Sam Brace: Yeah, and I actually, when I was looking at that little portion of it right there, line 70 about to 80 or 82 is, that was smart. The override situation, cause you don’t want any of your batch processing to get hung up because it’s saying it can’t override an existing file.

In case of what you talked about, where we do wanna override a file that’s been like sample.JPG. Okay, we do need to override that [00:28:00] from what’s there. So that was smart to make sure the batch continued and was processed completely.

Grant Sander: Yeah. And then status map once the image uploads, you set the thing on the status map.

And then I just, again, this is like not super scientific, but it works good enough. Every 10 iterations, I’m just writing out this JSON file. So it’s like hitting “Command + S” every time you upload 10 batches.

Jen Brissman: Totally.

Grant Sander: Yeah, again, like that, it’s good enough to save yourself some time in case something goes wrong in the middle of it.

Sam Brace: It sounds like we’ve all been burned somehow without hitting “Command + S” at some point. So putting that logic into what you’re doing here, it makes sense. So I like this a lot and frankly, in my opinion, if we’ve covered nothing else in this episode, and obviously we’re gonna cover more, but if we’re covering nothing else, to be showing a clear migration path from something to Cloudinary, which you’ve provided here, is amazingly useful for the million plus developers that are using Cloudinary. So this is fantastic information.

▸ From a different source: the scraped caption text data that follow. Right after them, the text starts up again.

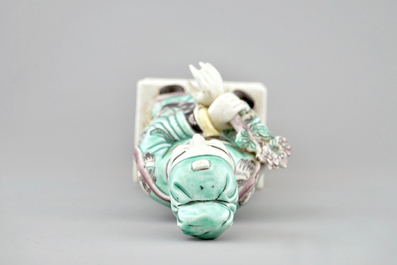 A Chinese green ground dragon vase, a small rouleau vase and a verte biscuit figure, 19th C.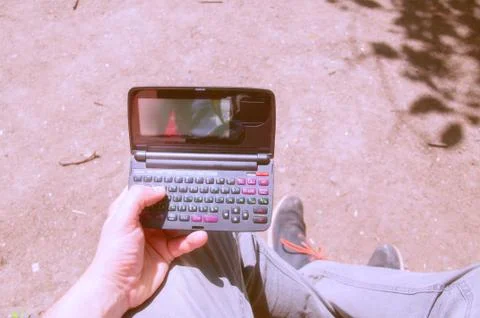 The guy is holding an old microcomputer. The obsolete device. A young guy tri Stock Photos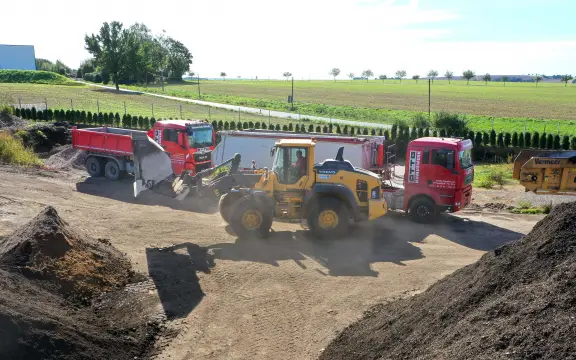 Firmengelände mit fahrenden LKW und Bagger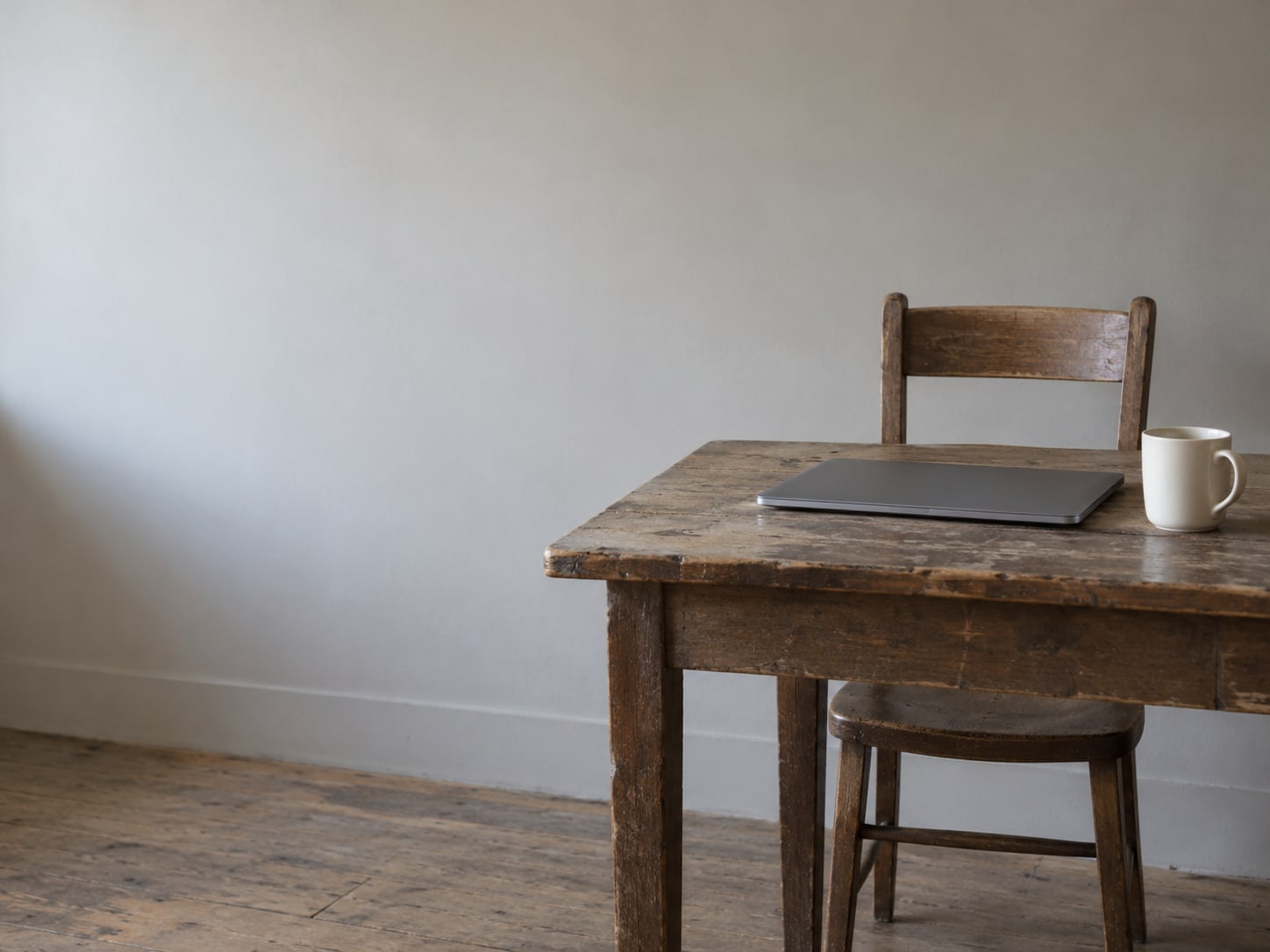 An empty chair pulled up to a desk with a closed laptop and a ceramic mug.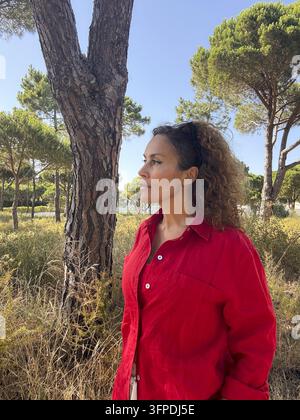 Woman in a red shirt standing thoughtfully among pine trees in a sunny Mediterranean woodland Stock Photo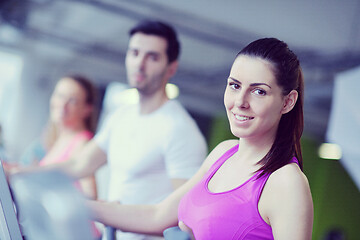 Image showing Group of people running on treadmills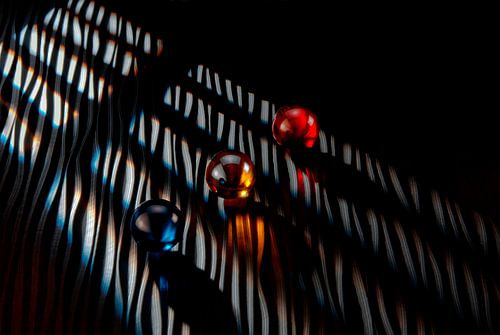 Three marbles with lines of light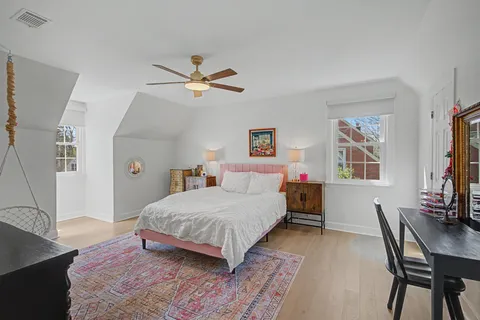 a bedroom with a bed and a table in it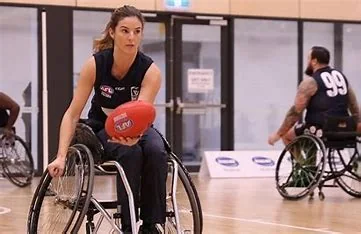 Yasmina holding an AFL football while playing wheelchair football on an indoor court.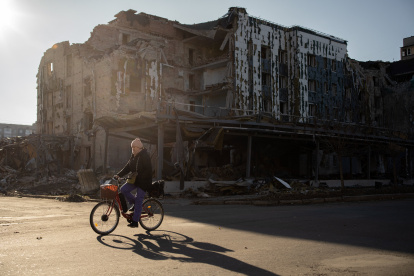 Un residente local pasa en bicicleta por una tienda y un restaurante destruidos en la ciudad de Pokrovsk, región de Donetsk, el 19 de noviembre de 2024.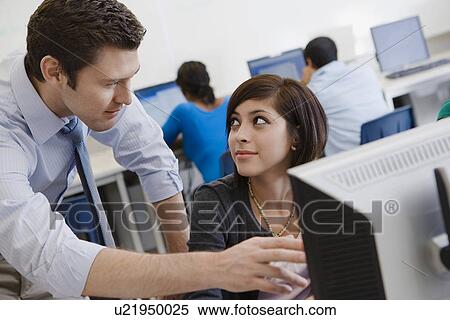 Stock Photography - Teacher Helping Student in Computer Lab. Fotosearch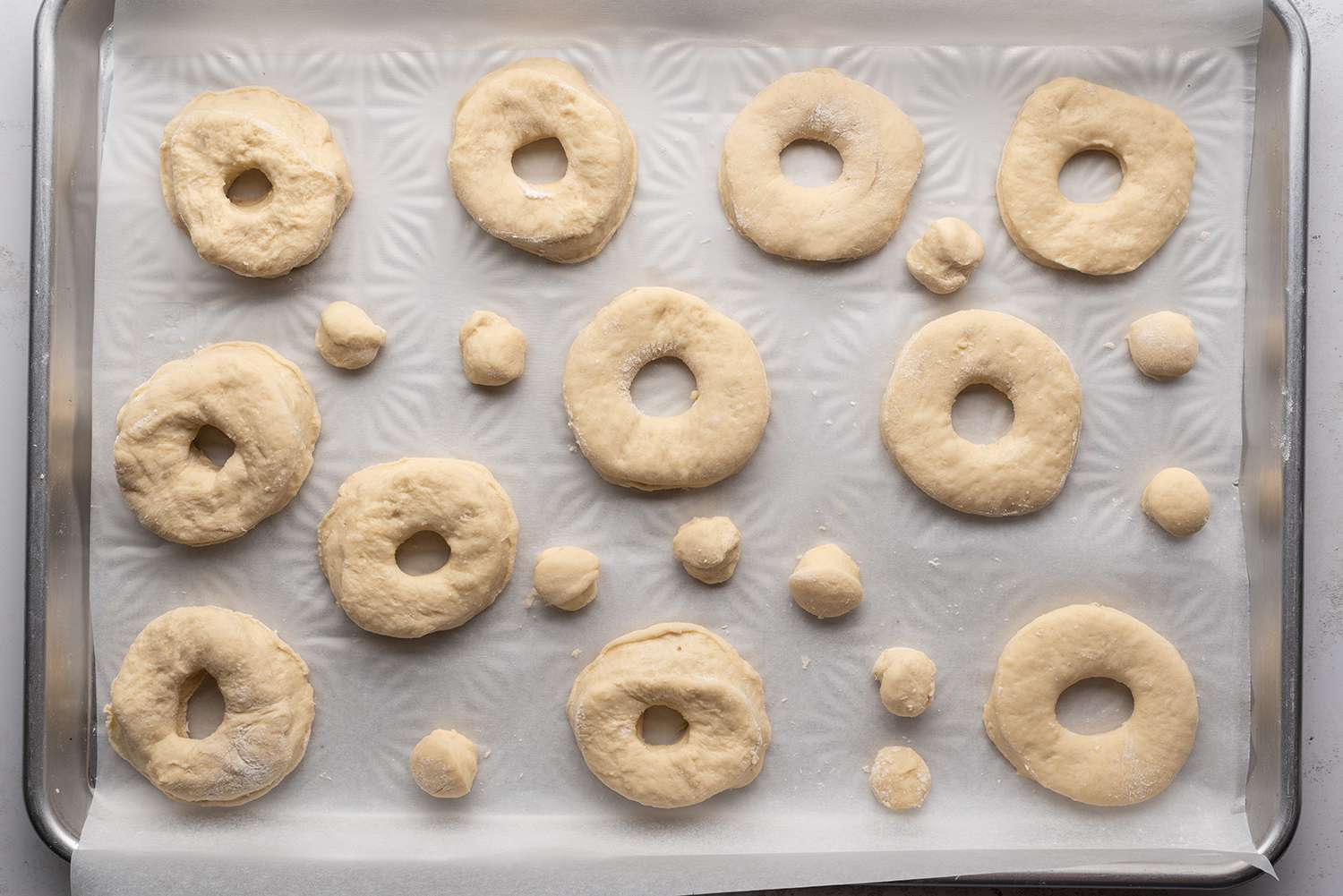 Doughnut dough shaped into doughnuts and doughnut holes on a prepared baking sheet
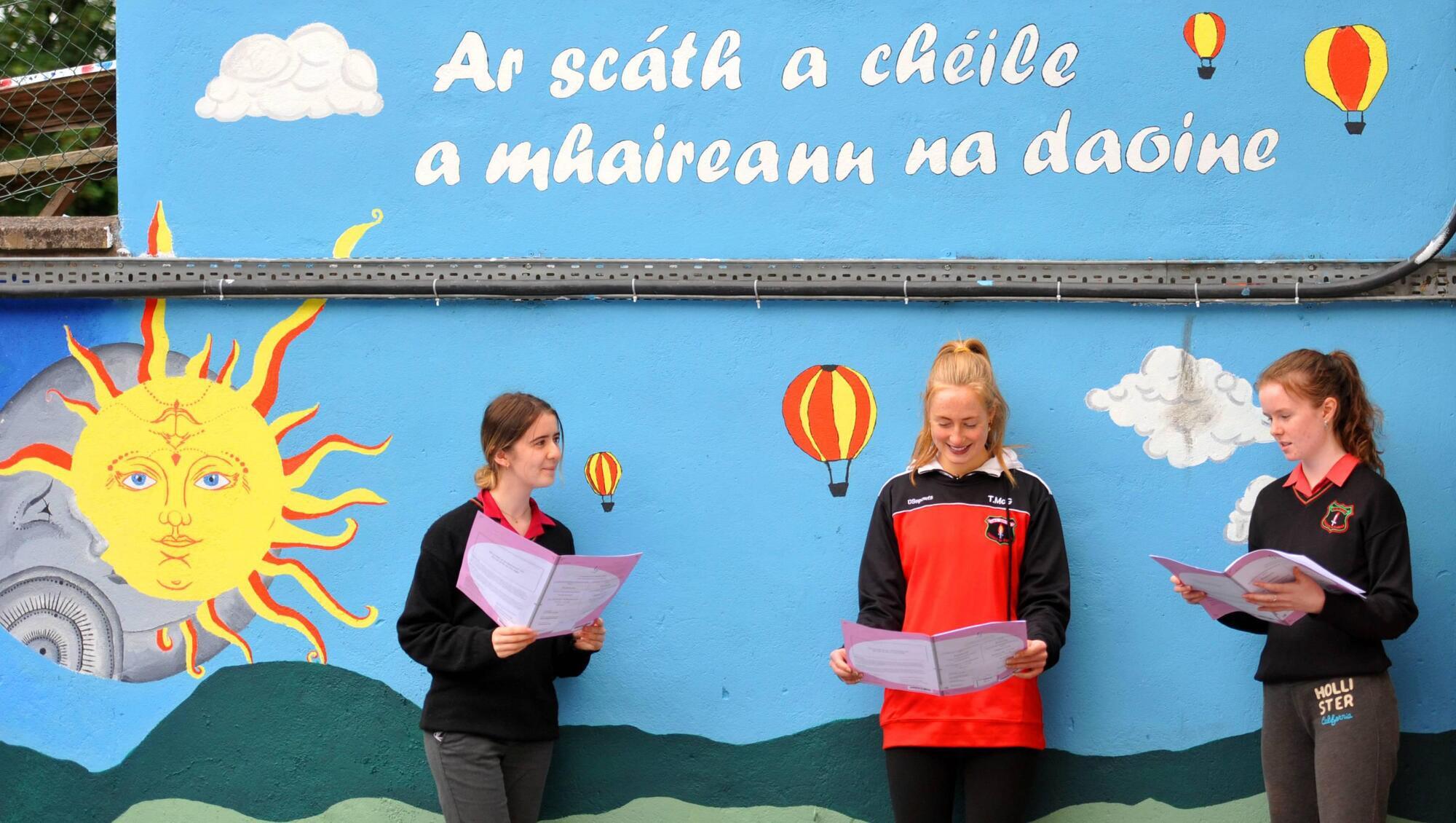 An atmosphere of "welcome, fairness, openness and respect" is fostered at Coláiste an Phiarsaigh, whose students Avril Ni Mathuna, Jill Ni Fhloinn, and Cait Ni Crulaoi are pictured here after  the 2021 Leaving Cert French exam.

Jen Brissman: Yeah, even including [00:29:00] overwrite: True, and everything we just talked about, like line 70 all the way through your check to periodically save your progress. Like anyone watching, this is open source. You could probably take this or make a similar version of this.

I totally agree, Sam. If people only get this, it’s probably valuable.

Sam Brace: Absolutely. Absolutely. So Grant, so we’ve covered the point of the migration efforts. Is there anything else not the migration efforts, but the uploading, the library of the Cloudinary anything else that’s important to mention about this process?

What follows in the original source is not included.